2009 Folk Festival: Solid, cider-making Asturians were very tuneful, with charm thrown in
SATURDAY – Clickimin
The third night of the festival saw a huge crowd at Clickimin for a varied evening.
Opening the proceedings were Nordic Tone, a group of more than 20 tutors and students from Shetland, Norway, Denmark, Sweden and Finland who had been sharing their knowledge and skills in the week prior to their performance on that night.
They treated the audience to nearly an hour of traditional singing and playing on fiddle, accordion, flute and whistle in a set that ranged from sad love songs to Finnish polkas. The stage was full – a great effort and lots of talent.
Together they produced an enjoyable orchestral sound in a long set, which warmed everyone up for the impressive Sheila Henderson Band.
The four-piece band emerged from a sophisticated smoky backdrop of pink and green lighting and, it seemed, they could make any style sound good.
Henderson sang many of her own compositions, her big voice railing against standing in the shadows or living a lie. Particularly enjoyable were the bluesy Never No More and the Beth Nielsen Chapman number Say You Will, aided by band members Ivor “Fred” Polson, drummer Archer Kemp and veteran rocker Brian Nicholson who produced some brilliant guitar work.
Next up was Felpeyu, from the rugged Asturian region between the mountains and the sea of northern Spain. Their charming front man chatted away to the audience about everything from cider-making to the Flintstones and their music impressed too, with tuneful fiddle, flute accordion and Asturian bagpipes aided by the solid rhythms of bouzouki, bass and bodhran. “I hope you like it”, he said, and the audience did, the fast fingerwork and insistent beat producing a great sound especially in the Asturian wedding tune.

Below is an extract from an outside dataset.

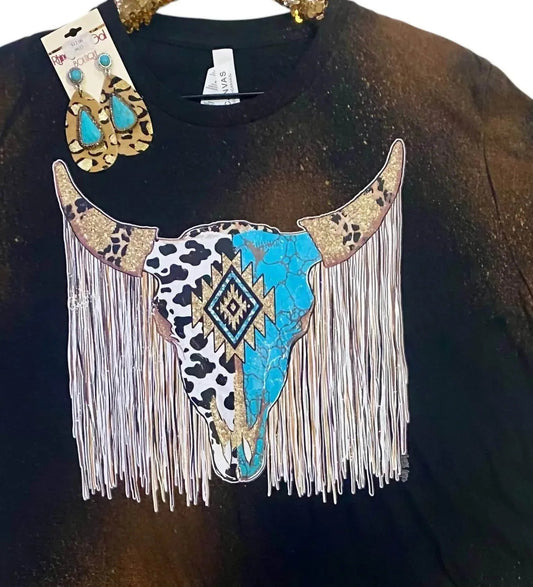 Women's Fringe Steer Cowhide Graphic Tee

Felpeyu is a well-respected band in the Asturian region and was a great addition to the festival.
By contrast the renowned Irish songstress Cara Dillon introduced a sadder tone in her love songs. The blonde beauty opened with a lament about Johnny – her next subject, Jimmy, was “a whole lot worse”. There was also a song about another mean man, Paddy, which got the audience clapping and impressed with frantic guitar and pipes.
But the band could perform in happier mode too, with several Irish jigs and Cara on fiddle showing her versatility.

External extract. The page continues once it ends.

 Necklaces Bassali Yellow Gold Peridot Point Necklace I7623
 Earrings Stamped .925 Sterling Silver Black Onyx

Then there was haunting music. Dillon’s song The Parting Glass and her song about the Hill of Thieves, about what she loved about her home in County Derry, were particularly moving, with the swirling stage effects of green Irish mist adding to the atmosphere and much appreciated by the audience.
Then came a change of pace for the final act. Frigg, a young and amazingly energetic Finnish-Norwegian fiddle group influenced by American grassroots styles as well as Nordic music, were simply terrific.

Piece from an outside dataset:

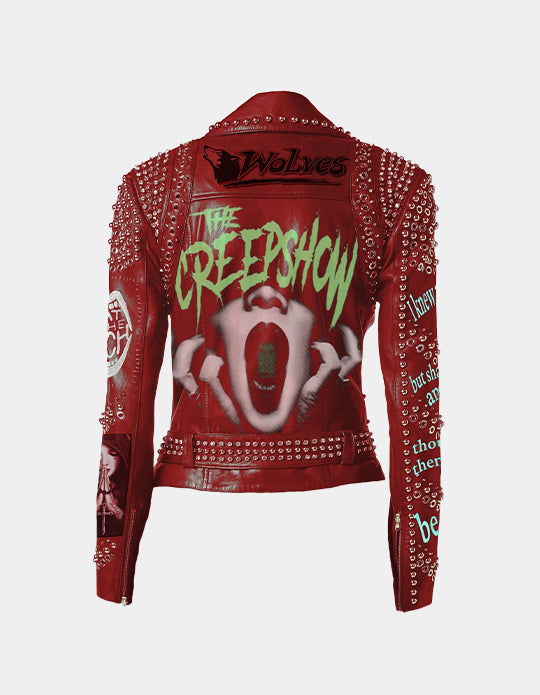 Steampunk Handmade The Creep Show Outfit, Women's Punk Rock Biker's, Eat The Rich Patches Jacket, Club Wear Leather Brando Jacket,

Their high-octane performance inspired much shouting, stomping and clapping from the audience, and at last folk got up to dance in front of the stage. The four fiddles, plus guitar banjo and double bass, produced a fully rounded sound, and their monosyllabic “singing” was truly frenetic.
“Here’s a tune I wrote about a slow rally driver”, one of the band said, with the furious fiddling against a billowing red-lit wall of smoke looking almost like spontaneous combustion.
Their varied sounds, frenetic performance and humour enthralled the audience, and the extended clapping produced the only encore of the night. But it was a shame so many people started to leave the hall before the end of their set – they deserved to be listened to. More Frigg and shortened sets from the others might have been the answer.